"Mit dem Herzen sehen"
Von Omar Benito Benavente - Jul 07, 2021
An dem Tag, als wir auf der Insel Amantani ankamen, lag etwas Starkes in der Luft, ein kalter Hauch, der auf der Haut in der ersten Sekunde verschwand, in der er die Sonne berührte. Das Wetter auf der Insel ist ein ständiger Kontrast, es gibt Schatten und starke Sonne, und der Mittelweg ist immer eine Fata Morgana. Rundherum Grün, darüber reine Luft, und wenn der Sauerstoff alt genug wäre, wäre er wie ein Kind, ohne die Laster der Verschmutzung der Festlandstädte.
Nach einer Weile Fußmarsch erreichten wir das Haus, das uns für die nächsten Tage beherbergen und gleichzeitig unsere Zentrale sein würde: das Haus von Mama Anselma. Dort empfing sie uns mit Umarmungen, Frühstück und einem Blick auf den endlosen, tiefblauen Titicacasee. Es gab einen Moment, in dem ich es surreal fand, auf einer Höhe von über 3.400 Metern zu sein und so viel Wasser vor mir zu sehen, denn der See ist unendlich, er sieht aus wie das Meer, er wird nie leer, und wenn man versucht, über den Horizont hinauszusehen, sieht man nur noch mehr Wasser.
Die Insel war also durch eine geologische Laune entstanden und lag perfekt in diesem Ozean aus Süßwasser, der Titicaca heißt. Und wir, die wir für ein paar Tage dort sein würden, standen voller Vorfreude und innerer Sehnsucht da und dachten an die Gefühle, die uns sicher erwarteten, wenn wir die Kinder der Insel kennenlernten.
Am Nachmittag gingen wir in die Schule und begannen mit den Aktivitäten des Projekts, für das wir dort waren.
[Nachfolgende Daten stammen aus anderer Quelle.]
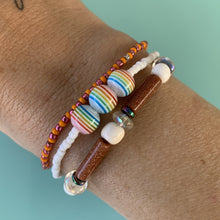 Load image into Gallery viewer, white seed bead bracelet with three multi colored striped beach ball beads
Ich sollte Fotos von den Aktionen machen und hinter der Kamera versuchte ich, unsichtbar zu werden. Die schüchternen und neugierigen Gesichter der Kinder versuchten in ihrer ganzen Unschuld zu verstehen, wer wir sind und was wir in der Schule tun. Aber nach einer Weile hatten ihre Blicke das Vertrauen gewonnen, uns anzulächeln, nur weil wir mit ihnen sprachen. Dann lösten die Spiele, die wir vorbereitet hatten, ihr Lachen aus, und in der Ferne konnte man sicher das Echo des Lachens hören, das, bevor es die kalte Abendluft durchdrang, bereits durch unsere Körper gegangen war.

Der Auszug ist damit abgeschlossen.